The ionized form and unionized form or the different resonant forms of indicators generally apply equally well for non-aqueous titrations but their colour changes at the endpoint vary from titration to titration, as they depend on the nature of the titrant. 

The endpoint may be established by carrying out a potentiometric titration while simultaneously observing the colour change of the indicator. 

The appropriate equivalence point can be determined from the inflexion point of the titration curve.

The majority of non-aqueous titrations are carried out using a fairly limited range of  indicators, some typical examples are given: 

1. Crystal Violet: Used as 0.5% w/v solution in glacial acetic acid. In reactions such as pyridine are titrated with perchloric acid, its colour change from violet through blue followed by green, then to greenish yellow. 

2. Methyl Red: Used as a 0.2% w/v solution in dioxane, gives a colour change from yellow to red. 

3. Naphthol Benzein: Used as a 0.2% w/v solution in acetic acid, gives a colour change from yellow to green.
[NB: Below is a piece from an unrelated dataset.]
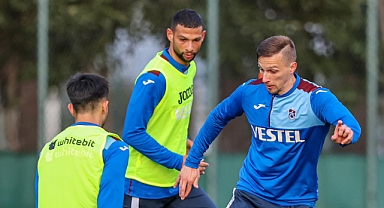 SİVASSPOR İÇİN GERİ SAYIM BAŞLADI!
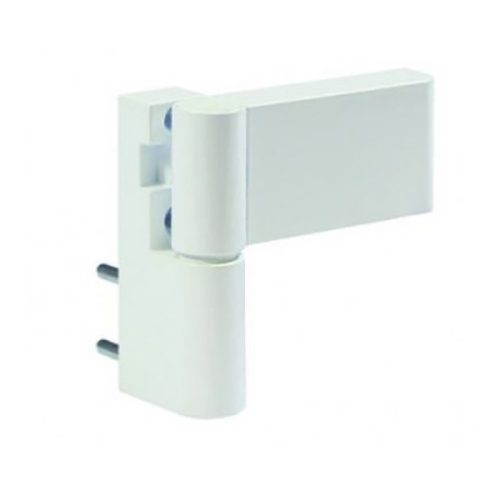 Roto Solid Dl-S 150 P 17-20,5 Fehér Ral 9016 (627934)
It gives sharp end points in nitromethane containing acetic anhydride for titration of weak bases against perchloric acid. 

4. Quenaldine Red: Used as a 0.1% w/v solution in ethanol, gives a colour change from purple red to pale green. It is generally used for determinations of drugs in dimethylformamide solution. 

5. Thymol Blue: Used as a 0.2% w/v solution in methanol, gives a sharp colour change from yellow to blue at the endpoint. Used extensively as an indicator for titrations of substances acting as acids in dimethyl formamide solution.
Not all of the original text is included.